También podría considerar a este proceso comicial como una forma de hacer ver a la oposición en pleno, y no sólo a un grupo, que la vía electoral murió, lo cual ya quedó demostrado en repetidas ocasiones (yo mismo lo experimenté de primera mano el 14 de abril de 2013), porque sencillamente no puede prosperar en un sistema diseñado para ahogar la democracia y para, no obstante, nutrir su imagen internacional, su solidez y su apariencia de legitimidad con cada votación hecha en el país.

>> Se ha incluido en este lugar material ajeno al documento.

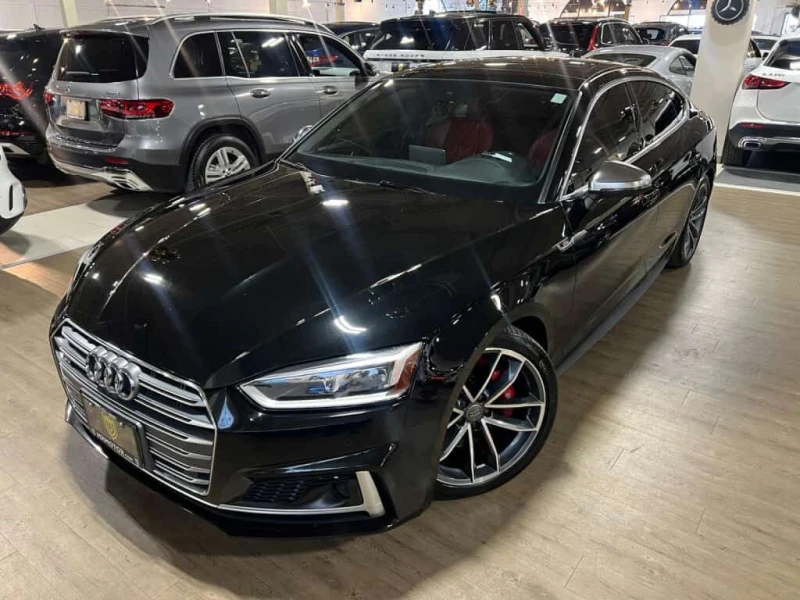 Audi S5  Technik /360/DIS/B&O/PANO/NAVI/MASSAGE, снимка 10 - Автомобили и джипове - 53587451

Repito una vez más que mi deseo, aunque parezca peculiar, es equivocarme rotundamente, tragarme mis palabras, y que por fin la Asamblea Nacional le sea arrebatada a la dictadura, porque si bien creo que eso no daría paso a un ordenamiento legal de calidad, acorde a nuestros tiempos y condiciones de país, sí prendería la chispa para el cambio de sistema político, para salir de este régimen, depurando la composición de las demás ramas del Poder Público Nacional y quitándole al niño los gusticos a los que lo habían malacostumbrado, vale decir, cortándole a Maduro la posibilidad de legislar por decreto.

Después de bastantes meses sin elecciones, y de haber experimentado con otras formas de participación política, al menos hasta ahora demostradas como igual de inefectivas, nos toca una vez más sufragar, hacer otro intento más por la vía tradicional, y otro más, y después otro, y otro, y otro, con las peores previsiones pero la mayor esperanza.

José Alberto Vargas La Roche.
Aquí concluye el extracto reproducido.